◆ TASK GOAL:
Take the lines from the one containing "Bezvadu lādētājs CLUB3D" through the final line below and restate them exactly. Omit the pictures.

◆ INFORMATION PROVIDED:

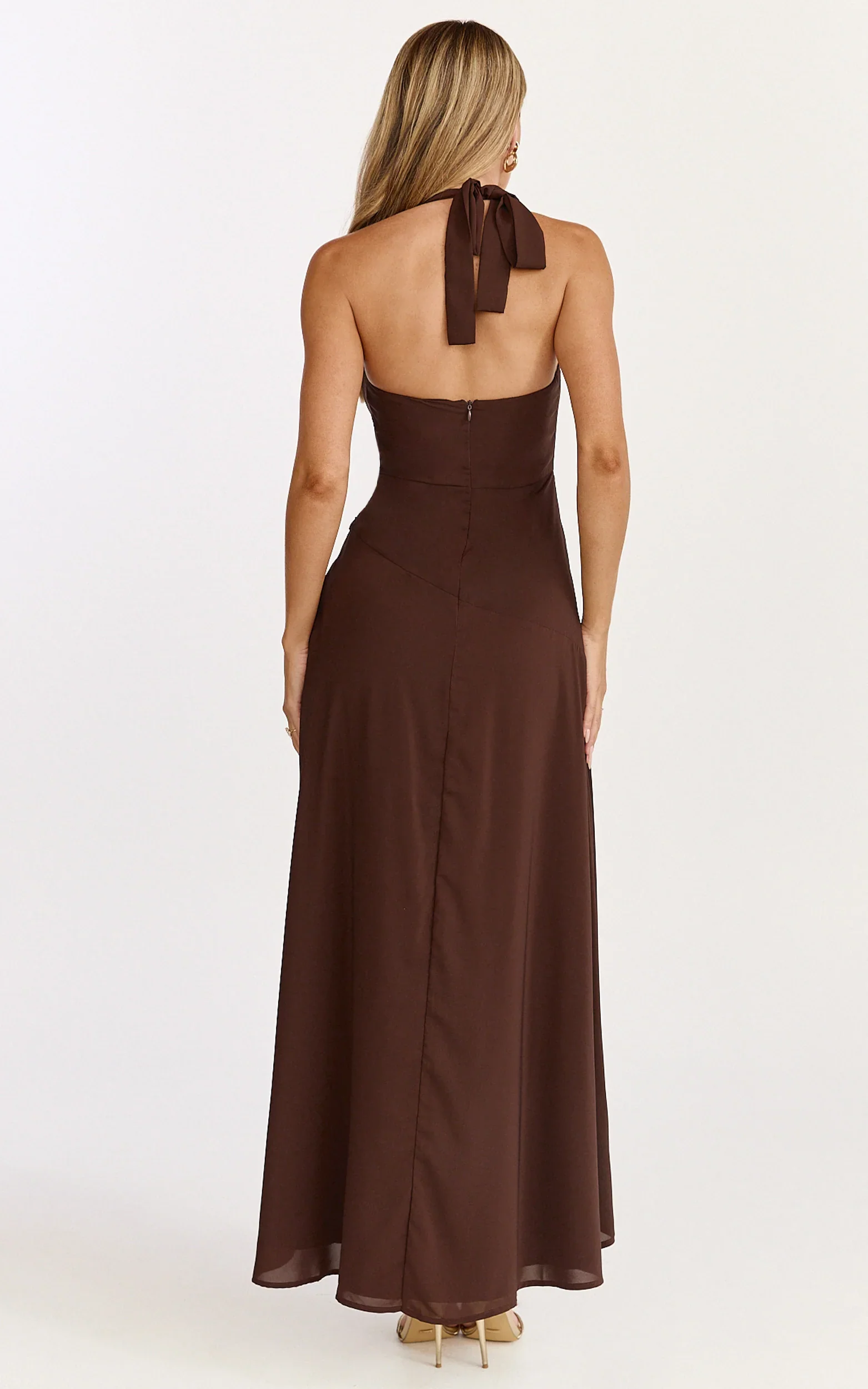 Penelope Maxi Dress - Halter Tie Back Neck Dropped Asymmetric Fit And Flare Dress in Chocolate
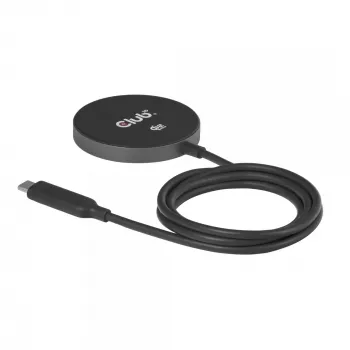 Bezvadu lādētājs CLUB3D CAC-3027 Qi2 25W magnētiskais paliktnis, saderīgs ar MagSafe, 1 m kabelis, melns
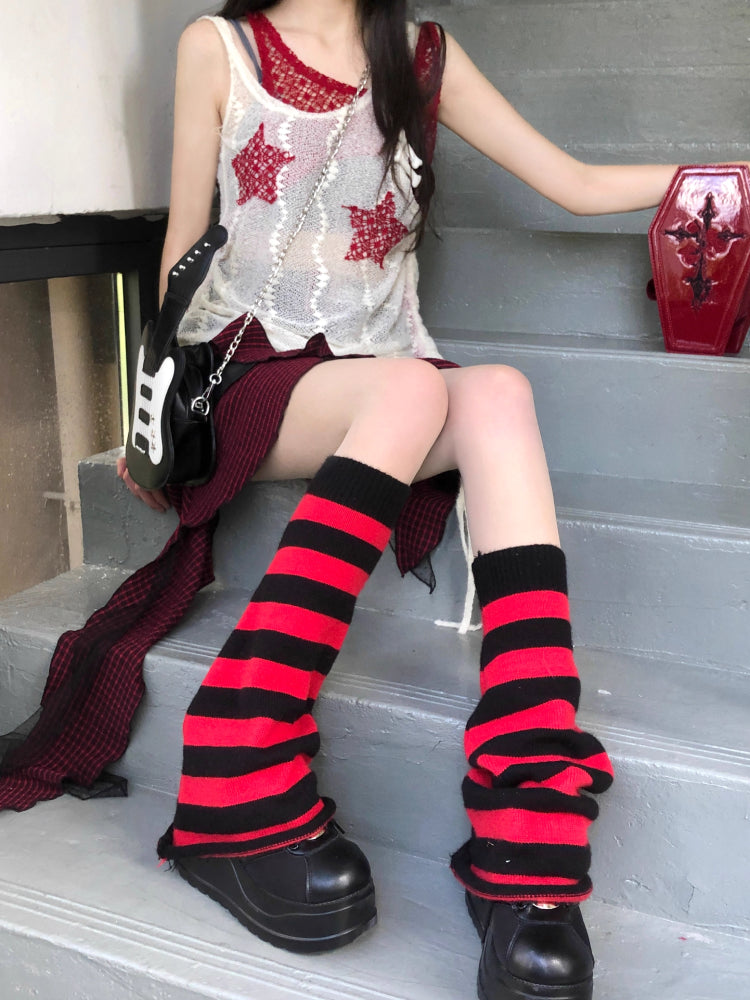 Millennial Stripe Y2K Harajuku Leg Warmers-ntbhshop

◆ ANSWER BOX:
 Bezvadu lādētājs CLUB3D CAC-3027 Qi2 25W magnētiskais paliktnis, saderīgs ar MagSafe, 1 m kabelis, melns
 Millennial Stripe Y2K Harajuku Leg Warmers-ntbhshop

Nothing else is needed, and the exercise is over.